To give an example of why tail hedging usually doesn’t work that well under the vast majority of circumstances, consider the September 2016 ‘mini crash’ in which the S&P 500 fell 2.5% in a single day:
On Sep. 8th, the day of the crash, the puts double in value, turning the $2,000 into $4,000. That isn’t enough, because the $200,000 lost $5,000, so you’re $3,000 short (assuming you sell the puts, but we cannot, because the 10% threshold hasn’t been triggered). But here is the worst part…on Sep. 26, the market is still 1.5% lower, but the puts have decayed so much that they have fallen from the purchase price, meaning you not only lost money on the S&P 500 but also lost money on the hedge, too. The hedge actually backfired.
In conclusion, tail hedging, assuming perfect conditions, can yield enormous profits to compensate for many smaller losing trades, but in most instances it’s a significant drain if a crash does not occur under the optimal circumstances. Using Spitznagel’s OTM put strategy, unless the volatility before the crash if very low and or the crash is very deep and sudden, the returns will be insufficient as a hedge, and may actually cost money (meaning you lose on both the hedge and the decline of the underlying index, as I showed above).

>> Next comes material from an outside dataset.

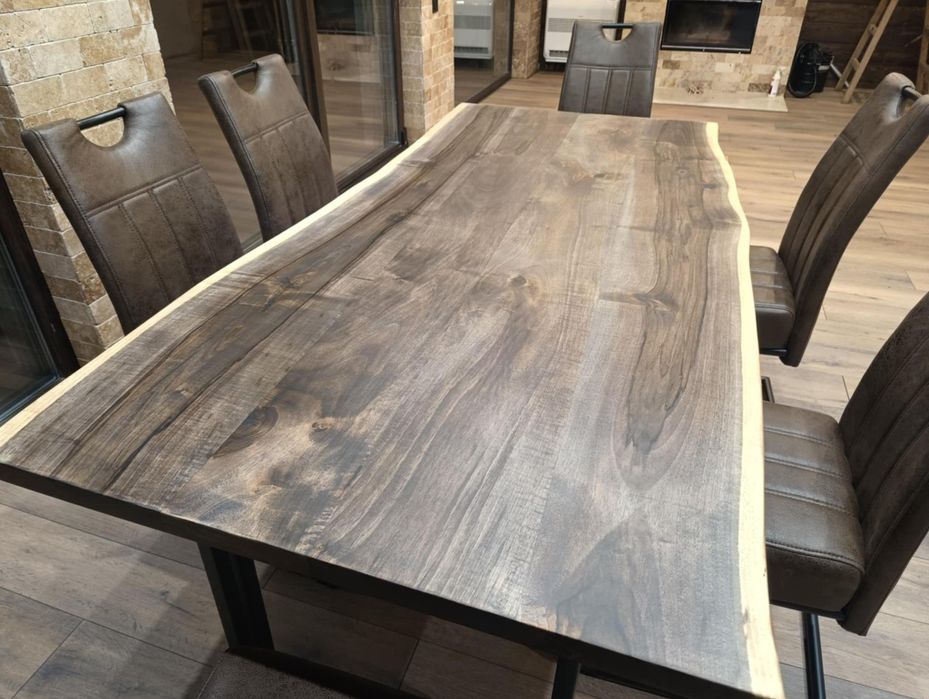 Маси и плотове от масив орех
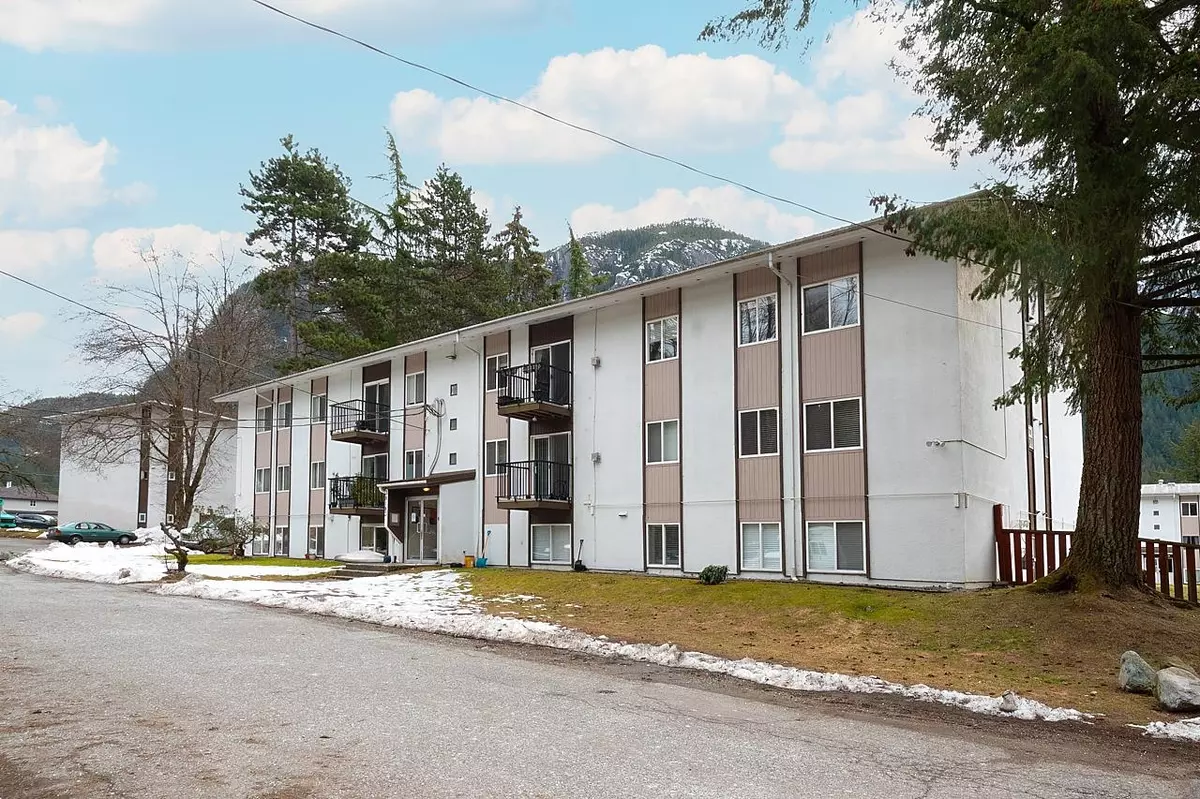 Squamish, BC V8B 0Y4,38183 Westway AVE #65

The tail hedging method would have failed between 1990-1996, a period when volatility was very low but the market didn’t crash. It would have scored a win during the small crash of 1997, which was sudden, but volatility spiked afterward and would remain high until 2004. The high volatility during the late 90’s and 2000’s would have prevented the method (like we saw in Jan 2016 above) from scoring any big wins during the collapse of the dotcom bubble between 2000-2003. Although 911 would have yielded a good profit, the volatility preceding the attacks was still too high. It would have also failed during the 2003-2007 bull market.
Although tail hedging can yield abnormally high returns during crashes under perfect conditions, after factoring years of decay in the absence of crashes, the returns may be much worse than the S&P 500. The crash of 2008 was unique in that most of the losses occurred in just a few months (October and September), and the volatility was very low preceding the crash, but had 2008 crash either never happened or was more protracted (like the 2000-2003 bear market, which took three years to bottom instead of one), the returns using tail hedging would have been far worse.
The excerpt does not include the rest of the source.